File System Implementation
To think about file systems, we usually suggest thinking about two different aspects of them.
The first is the data structures of the file system. The second aspect of a file system is its access methods
- S, superblock, contains information about this particular file system
- i, inode bitmap
- d, data bitmap
- I, inode table, metadata
- D, data
Truths of FS:
- Most files are small
- Average file size is growing
- Most bytes are stored in large files
- File systems contains lots of files
- File systems are roughly half full
- Directories are typically small
A directory basically just contains a list of (entry name, inode number) pairs.
Often, file systems treat directories as a special type of file. Thus, a directory has an inode, somewhere in the inode table
Access Paths: Reading and Writing
Reading and writing files can be expensive, incurring many I/Os to the (slow) disk. To remedy what would clearly be a huge performance problem, most file systems aggressively use system memory (DRAM) to cache important blocks.
Write buffering, by delaying writes, the file system can batch some updates into a smaller set of I/Os.
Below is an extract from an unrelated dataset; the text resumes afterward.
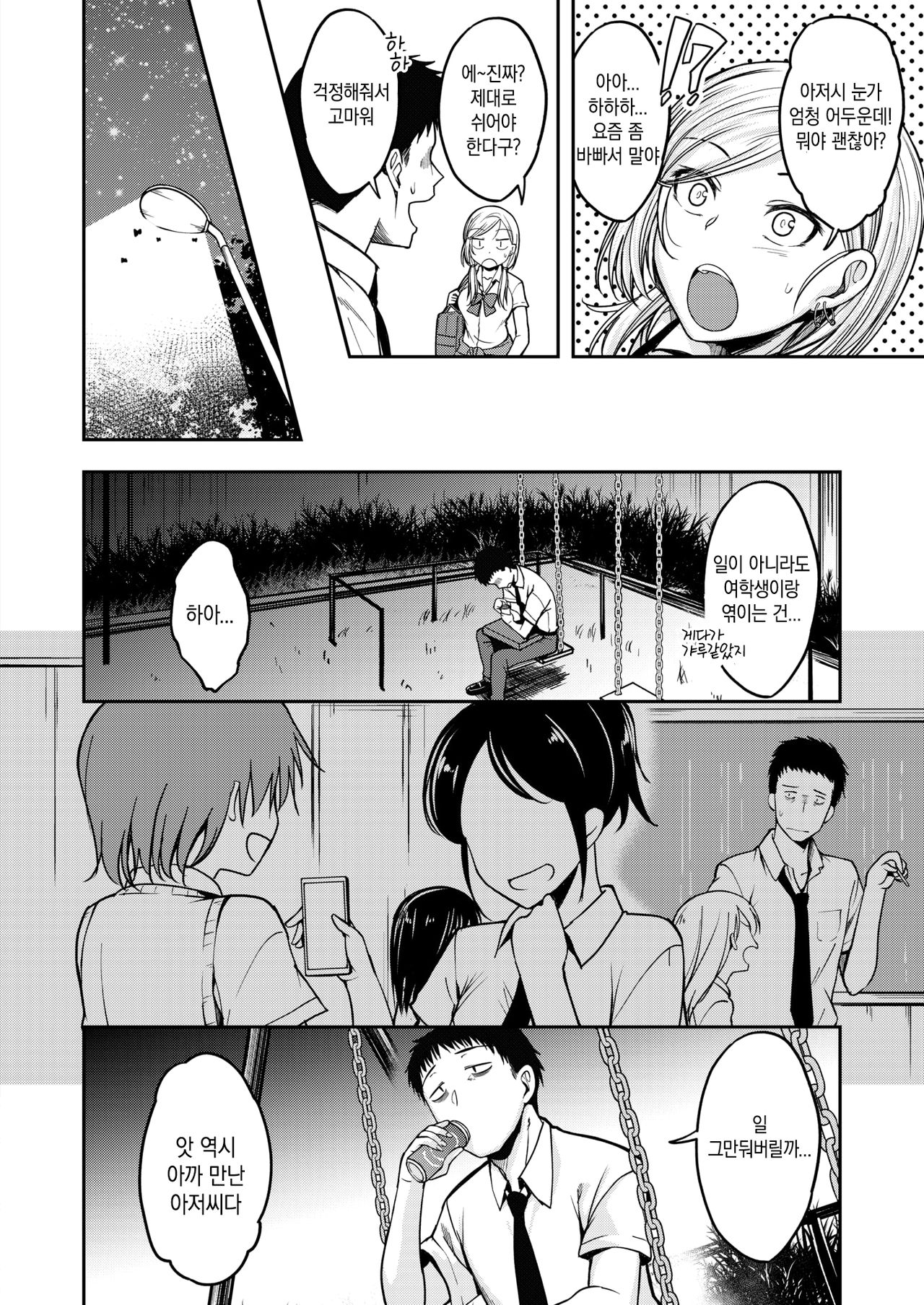 Gyaru ga Arawareta | ▼갸루가 나타났다 page 2 full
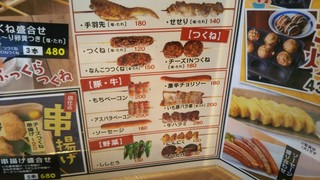 h Yakitori no Oogiya Urawa Misono Ten - テイクアウトメニューの下半分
Locality and The Fast File System
Simple FS pain point: fragmentation
Fast File System (FFS) design the file system structures and allocation policies to be “disk aware” and thus improve performance
FFS divides the disk into a number of cylinder groups and places files in the same group based on locality (say, in the same directory) which may be calculated using algorithm
If the chunk size is large enough, the file system will spend most of its time transferring data from disk and just a (relatively) little time seeking between chunks of the block. This process of reducing an overhead by doing more work per overhead paid is called amortization and is a common technique in computer systems.
Crash Consistency: FSCK and Journaling
How to deal with data inconsistency when crashing?
- FSCK (file system checker, validate FS data based on certain rules)
- Journaling (also known as write-ahead logging)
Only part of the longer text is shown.